WORK REQUEST: An exact copy of the data is needed, but without any of its images.

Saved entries
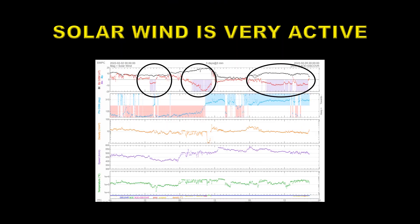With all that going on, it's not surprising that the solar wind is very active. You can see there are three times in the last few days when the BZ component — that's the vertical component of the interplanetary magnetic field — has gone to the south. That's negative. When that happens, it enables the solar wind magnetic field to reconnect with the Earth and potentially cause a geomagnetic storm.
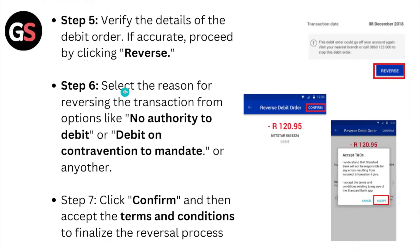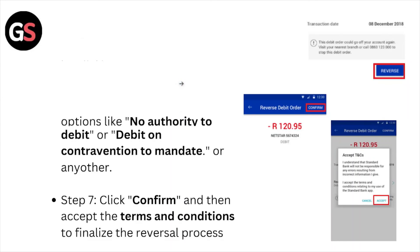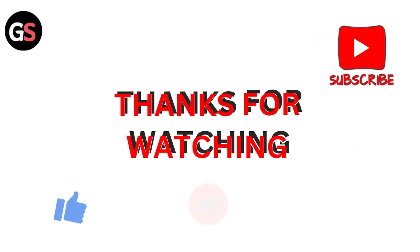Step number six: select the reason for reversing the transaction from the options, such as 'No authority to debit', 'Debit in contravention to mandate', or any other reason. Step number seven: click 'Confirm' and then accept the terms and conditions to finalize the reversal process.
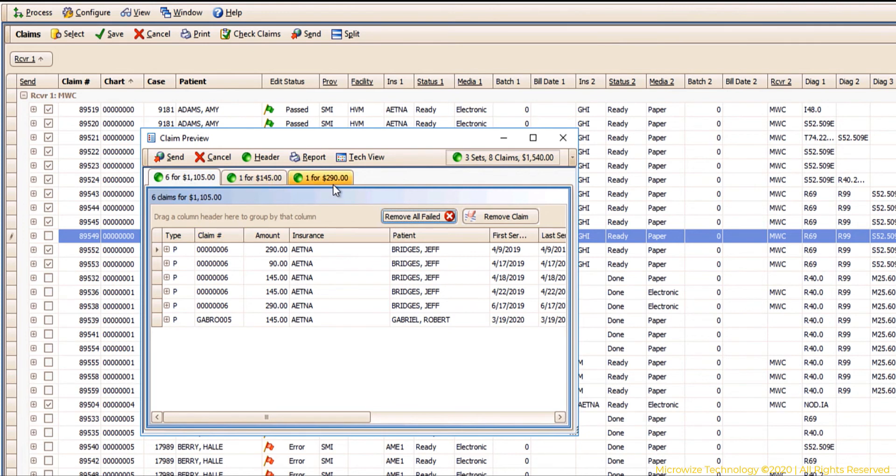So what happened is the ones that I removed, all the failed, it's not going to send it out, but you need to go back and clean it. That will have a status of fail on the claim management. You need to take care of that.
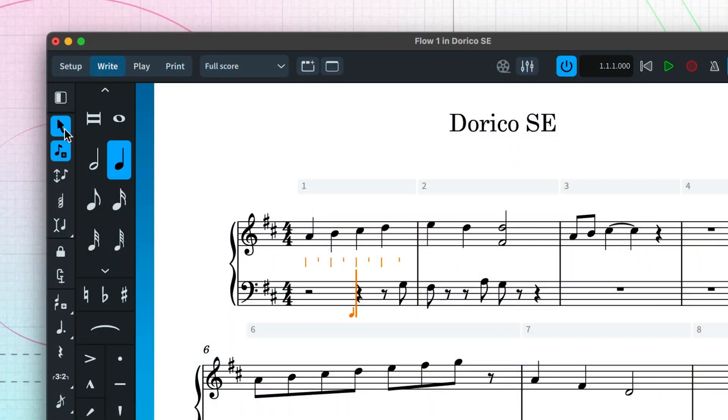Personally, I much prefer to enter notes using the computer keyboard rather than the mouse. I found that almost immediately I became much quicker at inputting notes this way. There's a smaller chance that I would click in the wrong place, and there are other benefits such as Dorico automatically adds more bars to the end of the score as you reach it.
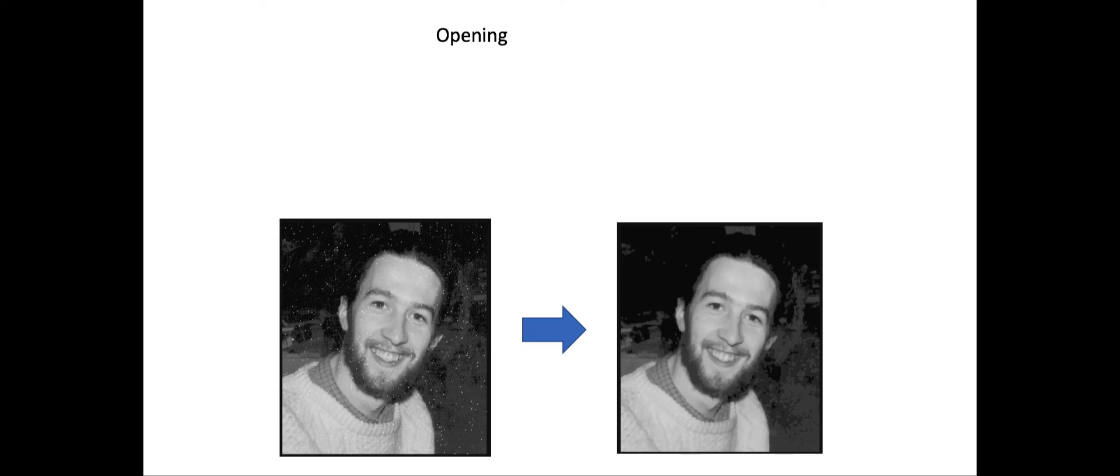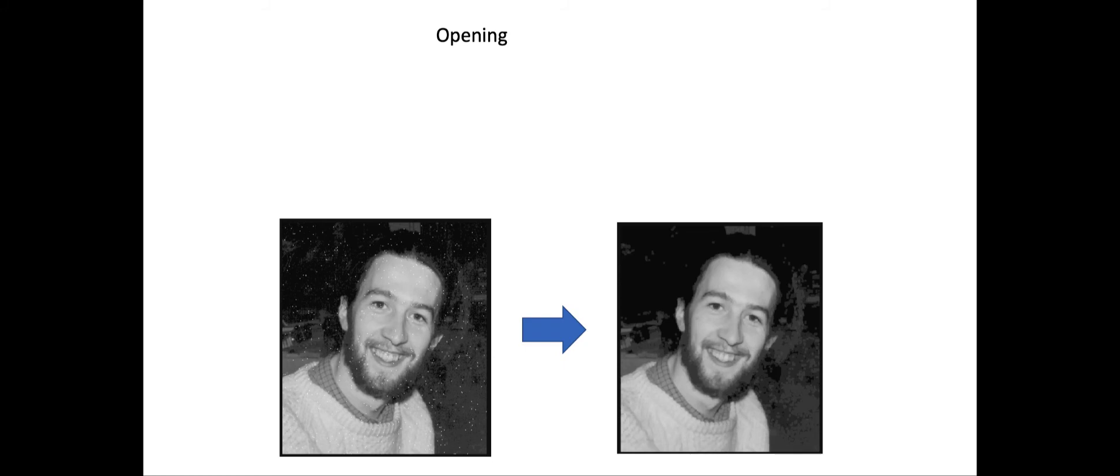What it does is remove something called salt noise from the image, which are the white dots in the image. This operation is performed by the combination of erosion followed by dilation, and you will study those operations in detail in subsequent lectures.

ANSWER TO THIS EXERCISE:
With all that going on, it's not surprising that the solar wind is very active. You can see there are three times in the last few days when the BZ component — that's the vertical component of the interplanetary magnetic field — has gone to the south. That's negative. When that happens, it enables the solar wind magnetic field to reconnect with the Earth and potentially cause a geomagnetic storm.
Step number six: select the reason for reversing the transaction from the options, such as 'No authority to debit', 'Debit in contravention to mandate', or any other reason. Step number seven: click 'Confirm' and then accept the terms and conditions to finalize the reversal process.
So what happened is the ones that I removed, all the failed, it's not going to send it out, but you need to go back and clean it. That will have a status of fail on the claim management. You need to take care of that.
Personally, I much prefer to enter notes using the computer keyboard rather than the mouse. I found that almost immediately I became much quicker at inputting notes this way. There's a smaller chance that I would click in the wrong place, and there are other benefits such as Dorico automatically adds more bars to the end of the score as you reach it.
What it does is remove something called salt noise from the image, which are the white dots in the image. This operation is performed by the combination of erosion followed by dilation, and you will study those operations in detail in subsequent lectures.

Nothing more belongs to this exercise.